Existe um conceito de tênis que acho interessante, que é o de que a ideia do jogo está na raquete do jogador. Ou seja, ganhe ou perca, a responsabilidade pelo resultado recairá principalmente sobre um jogador. Neste esquema de jogos e em cuja raquete se sentam, Ansimova parece sempre particularmente envolvida. Através de um set ela pode parecer fora de si, tanto emocionalmente quanto em seu nível de jogo, e ainda encontrar sua forma para vencer no terceiro (por exemplo, a corrida de Ansimova para eventualmente ganhar seu segundo título de Masters 1000 no Aberto da China de 2025). Enquanto isso, foi assim que Aryna Sabalenka venceu o Aberto dos Estados Unidos, principalmente mantendo a bola nas entrelinhas.

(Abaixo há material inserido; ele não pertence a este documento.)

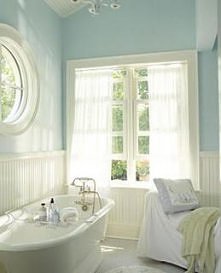 elegancka biała łazienka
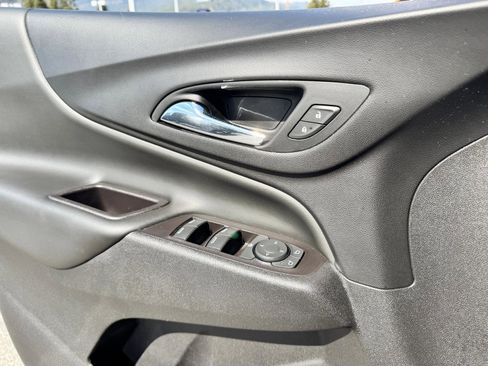 Used 2021 Chevrolet Equinox LT image 27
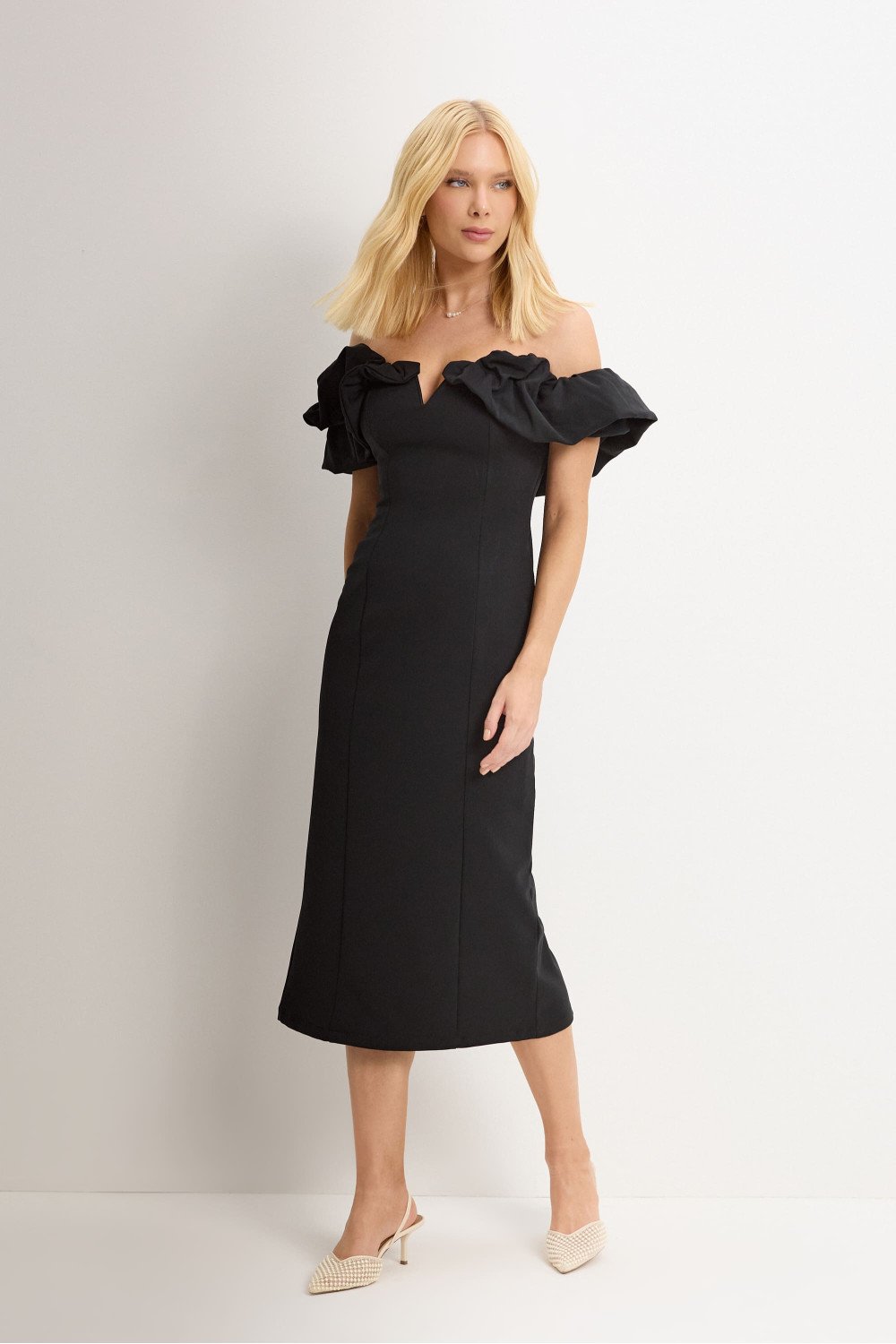 VESTIDO DRIELY MIDI DECOTE V COM BABADOS - PRETO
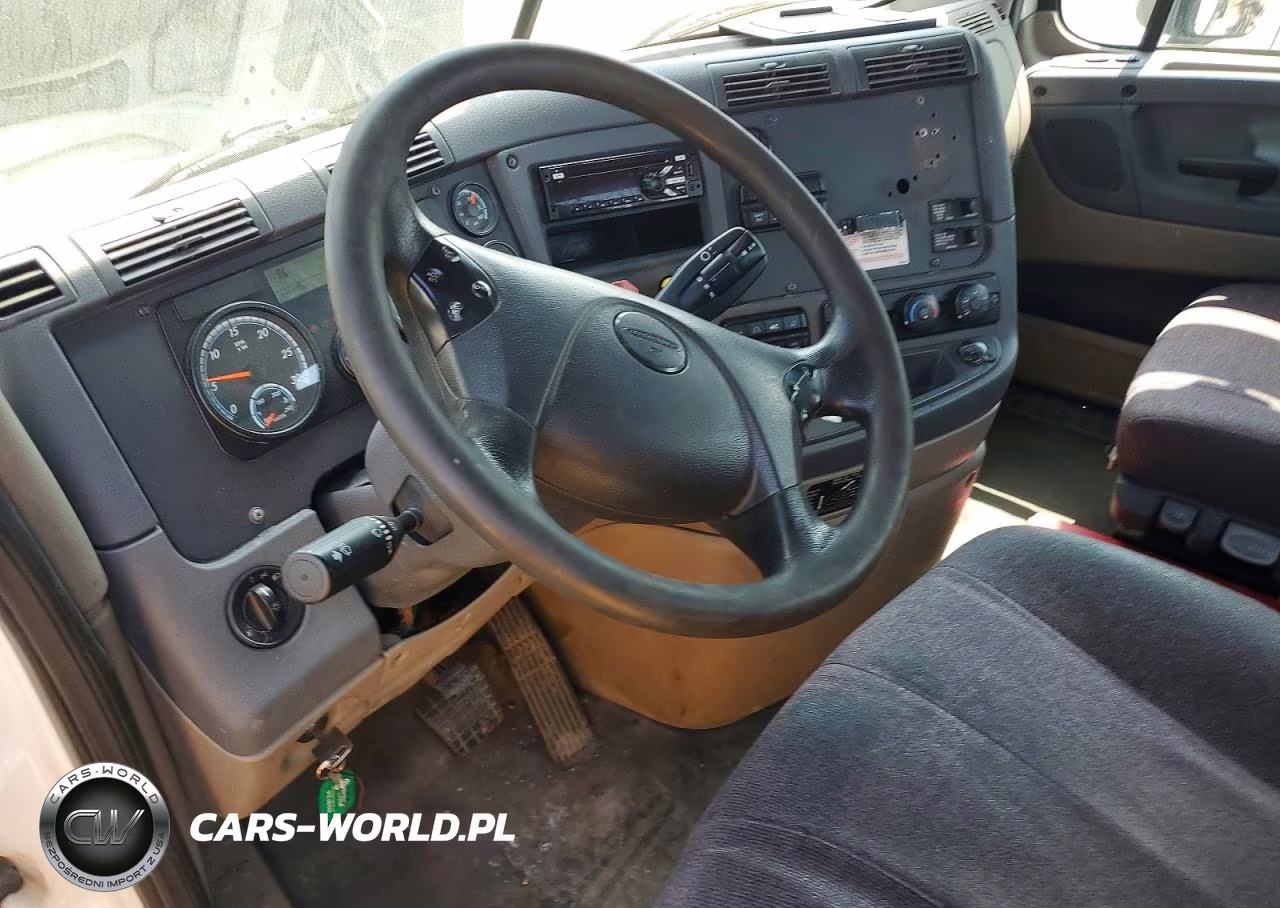 2019 Freightliner Cascadia 125 Semi Truck VIN:3AKJGEDV1KDKH1926 - 8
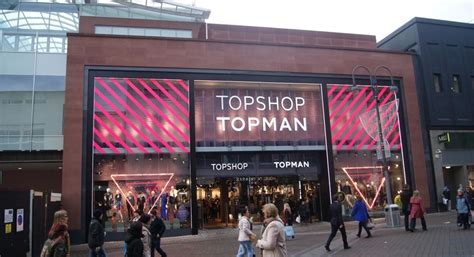 Topshop Removing Insanely Skinny Mannequins From Its Stores After Customer Calls Them Out On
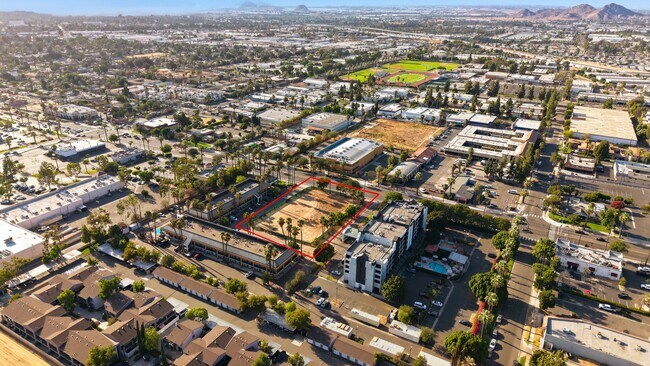 Plus de détails pour 1550 University Ave, Riverside, CA - Terrain à vendre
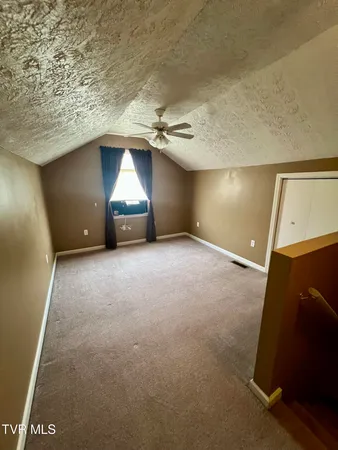 $179,900 | 660 Beaverview Drive, Unit 660, Bristol, VA 24201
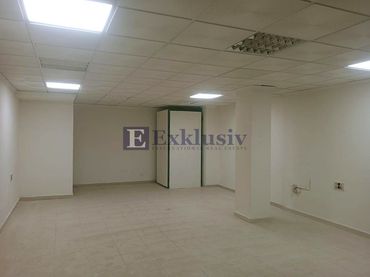 Local comercial en venda a Avenida Ernesto Sarti 10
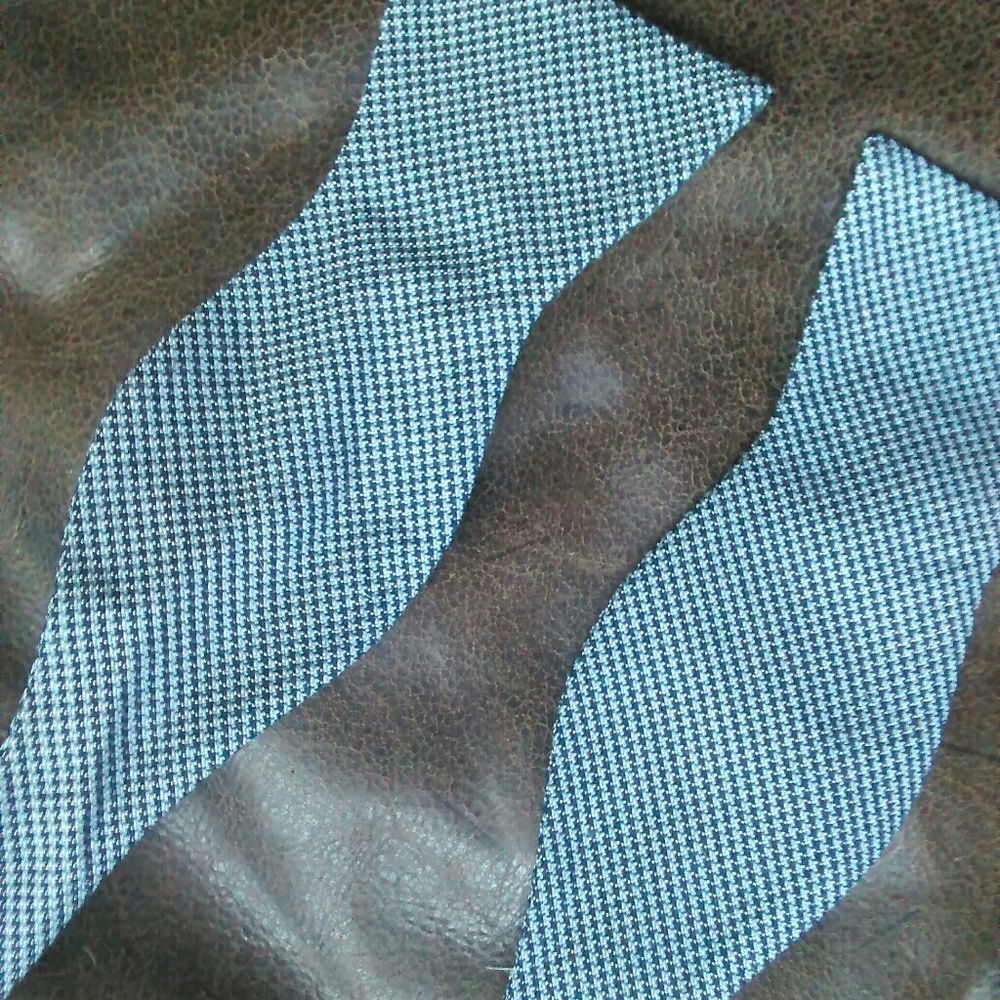 Men's houndstooth bowtie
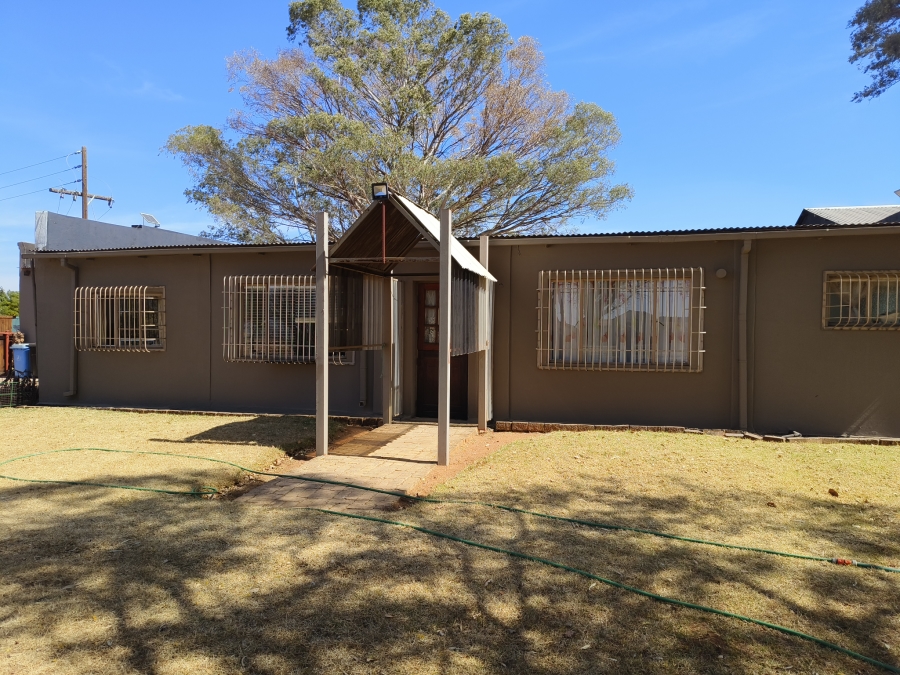 3 Bedroom Property for Sale in Firolaz AH Gauteng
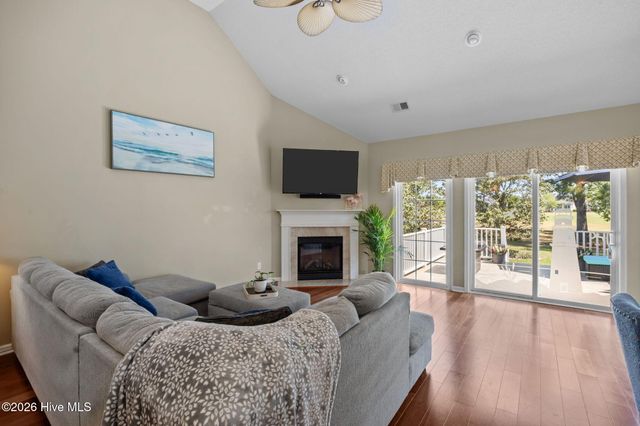 110 Ravennaside Drive NW, Calabash, NC 28467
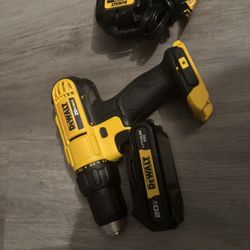 Taladro Dewalt Con Pila Y Cargador Nuevo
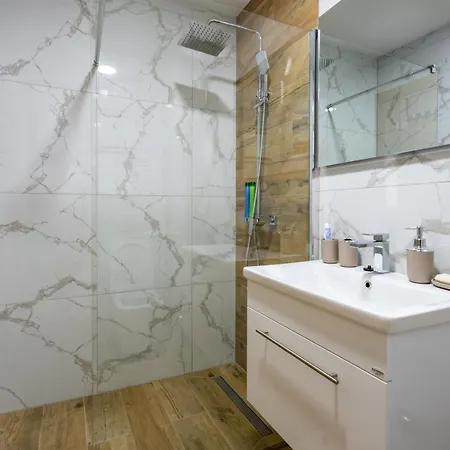 Monte Lux - I Wellnes Апартаменты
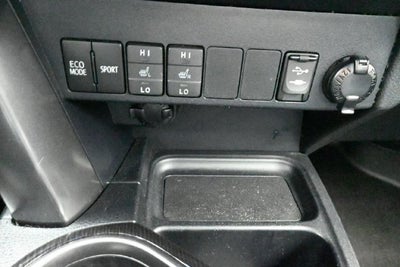 2017 Toyota RAV4 SE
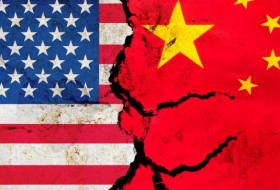 Болтон: США не потерпят угроз жизни для своих военных со стороны Китая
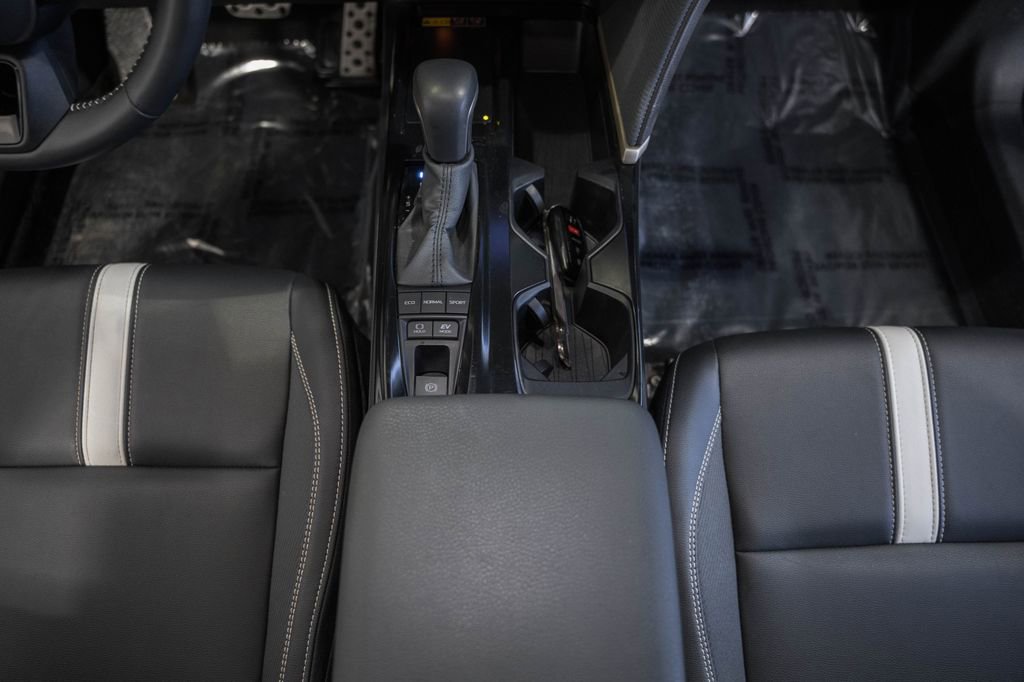Used 2025 Toyota Camry SE image 25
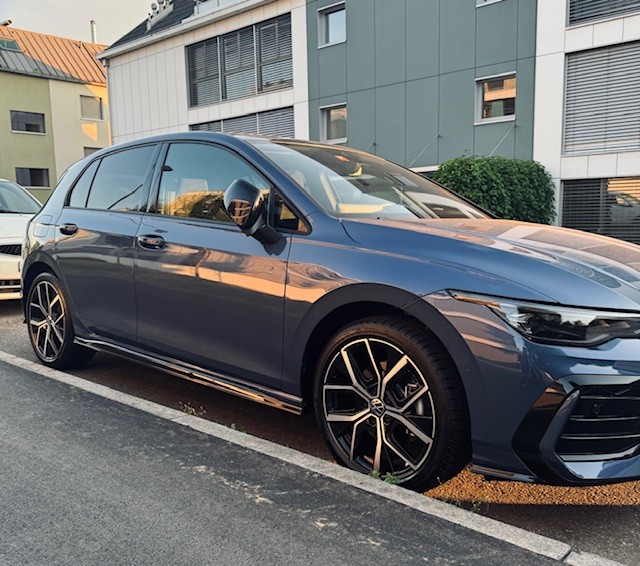 VW Golf 1.5 e TSI mHEV R-Line DSG-image-2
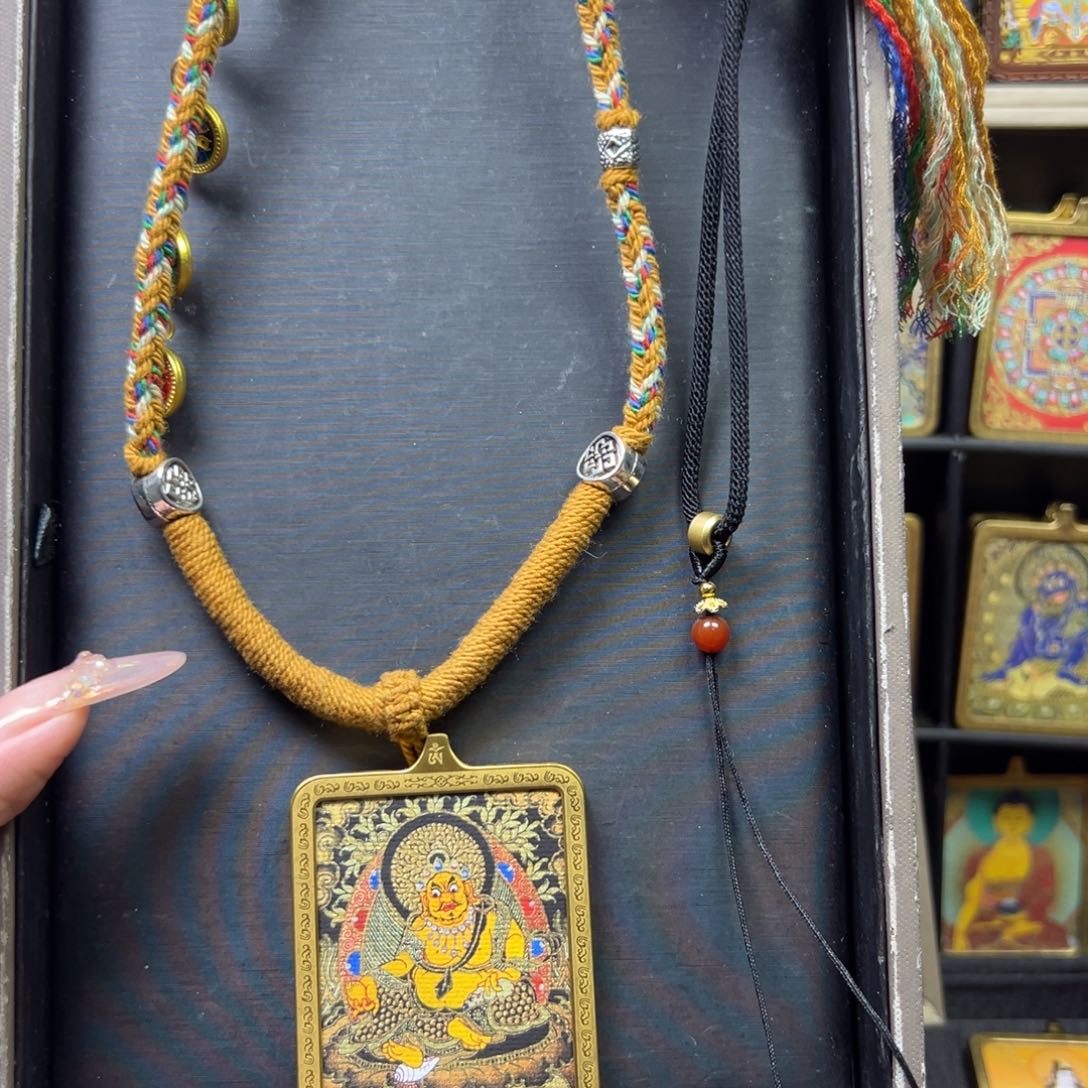 吊坠呈**力美丽乡村建设的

De certa forma, deve ser uma bênção saber que você tem as ferramentas e o nível para sempre poder ditar o resultado de uma partida. Em outros, o estilo de jogo deve ser uma carga terrível. É por isso que Anisimova pode ser tão fascinante de assistir, especialmente porque a frustração aberta parece menos um sinal de fraqueza mental – derrotar Iga Sovic no Aberto dos Estados Unidos deveria dar-lhe mais boa vontade face à resistência mental – do que uma demonstração direta do funcionamento da mente do tenista. A próxima partida de Anisimova é contra Jessica Pegula, que atualmente lidera por 3 a 0 e sua seqüência consecutiva a colocou entre os 10 primeiros do WTA. Esta será uma boa oportunidade para ver se as cabeças mais frias prevalecem.